Smith’s ensemble, performing here at the Zuidervermaning in Westzaan, North Holland, consists of a flexible core of voices and continuo, with other instruments as appropriate. In this programme three singers, organ and viola da gamba were joined by Claudia Combs on violin and Bruce Dickey on cornetto, a choice that allowed for an enjoyable variety of colour and texture throughout, especially when the instruments took vocal lines in the multi-part motets Exurgat Deus by Raphaela Aleotti and Repleatur os meum by Andrea Rota. A major highlight of the evening was Dickey’s improvised passaggi on Ascanio Trombetti’s five-voice motet Emendemus in melius. The ensemble first sang the motet, with violin and gamba taking voice parts; then, Dickey played his own variations on it over a continuo bass. The cornetto sound was pure and creamy, played with a warmth of expression that made this piece an outstanding moment for me.

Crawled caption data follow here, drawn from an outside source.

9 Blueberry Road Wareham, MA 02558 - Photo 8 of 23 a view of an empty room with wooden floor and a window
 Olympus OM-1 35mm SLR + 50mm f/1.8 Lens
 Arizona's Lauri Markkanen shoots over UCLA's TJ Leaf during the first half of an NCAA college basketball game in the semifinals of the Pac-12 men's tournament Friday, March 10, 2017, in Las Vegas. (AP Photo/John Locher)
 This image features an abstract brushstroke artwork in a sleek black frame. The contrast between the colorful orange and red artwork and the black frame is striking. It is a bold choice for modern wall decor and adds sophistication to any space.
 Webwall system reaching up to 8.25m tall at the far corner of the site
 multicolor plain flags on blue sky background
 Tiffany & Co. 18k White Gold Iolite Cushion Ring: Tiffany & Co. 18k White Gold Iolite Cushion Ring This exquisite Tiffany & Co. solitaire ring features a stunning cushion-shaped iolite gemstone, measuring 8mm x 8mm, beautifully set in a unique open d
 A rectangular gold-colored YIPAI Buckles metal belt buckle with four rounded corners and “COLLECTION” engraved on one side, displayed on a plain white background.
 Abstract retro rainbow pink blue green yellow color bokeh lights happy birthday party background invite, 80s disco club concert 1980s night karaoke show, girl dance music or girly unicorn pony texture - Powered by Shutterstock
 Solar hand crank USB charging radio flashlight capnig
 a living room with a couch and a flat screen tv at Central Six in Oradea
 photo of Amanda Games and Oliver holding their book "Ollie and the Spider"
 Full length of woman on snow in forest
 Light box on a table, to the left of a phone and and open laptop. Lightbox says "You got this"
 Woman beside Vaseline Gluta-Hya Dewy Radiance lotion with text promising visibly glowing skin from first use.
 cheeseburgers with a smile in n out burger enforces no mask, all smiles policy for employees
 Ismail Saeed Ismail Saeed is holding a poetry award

The three singers displayed very different vocal characters, clearly chosen for the individual beauties of their voices rather than their conformity to a fixed ideal, and the result was generally charming. The soprano Pamela Lucciarini showed a pure, sweet and flexible voice, enriched by a shimmering vibrato that appeared as an embellishment rather than a constant feature. The performance of the solo motet Ecce annuntio vobis by Chiara Margarita Cozzolani showed a liquid flexibility in the graceful fioriture of the alleluia, and was clearly a highlight of the evening for the audience. Mezzo-soprano Elena Biscuola has an exceptionally lovely sound, rich and full. She sang with measured grace and refinement in the ensemble music, careful not to overpower her lighter-voiced colleagues. When it came to her solo sections, I longed for her to let that sound ring out in its full glory, but she maintained an understated approach. Smith herself has a delicate, silvery mezzo, quiet but impressively agile and precise in the fast passages.
The voices with their very different characters nevertheless blended well, finding unity in precision and delicacy of phrasing, ornamenting tastefully throughout. There were occasional inconsistencies of tuning and sometimes noticeable balance issues, with the light voices being overpowered by the instruments, especially in low pitched sections. Some pieces, such as Gasparo Casati’s Laudate pueri, called for extremely low singing. Smith talked to the audience about the music found for all-female convents with tenor and bass parts: the names of the nuns who took such parts at Ferrara are known. The ensemble approached this fascinating feature with a spirit of adventure which I salute; in performance, it still presented difficulties which were not entirely solved.
Among the nun-composers whose works were celebrated, Isabella Leonarda, Raphaela Aleotti and Chiara Margarita Cozzolani are probably the best known. Cozzolani indeed, as Smith informed us, stands out among her contemporaries as having published music which was widely known in her lifetime and found performance outside Italy. The discoveries of the evening for me were Maria Xaveira Perucona and Bianca Maria Meda. Perucona’s Cessate tympana was a exciting, dramatic piece in which crisp syllabic vocal writing imitated the rhythm of drums. Meda’s three-voice motet No, non tentate had some lovely moments of truly imaginative vocal writing, with playful interaction between the vocal and continuo lines. The ensemble made a compelling case for this unjustly neglected and often delightful repertoire.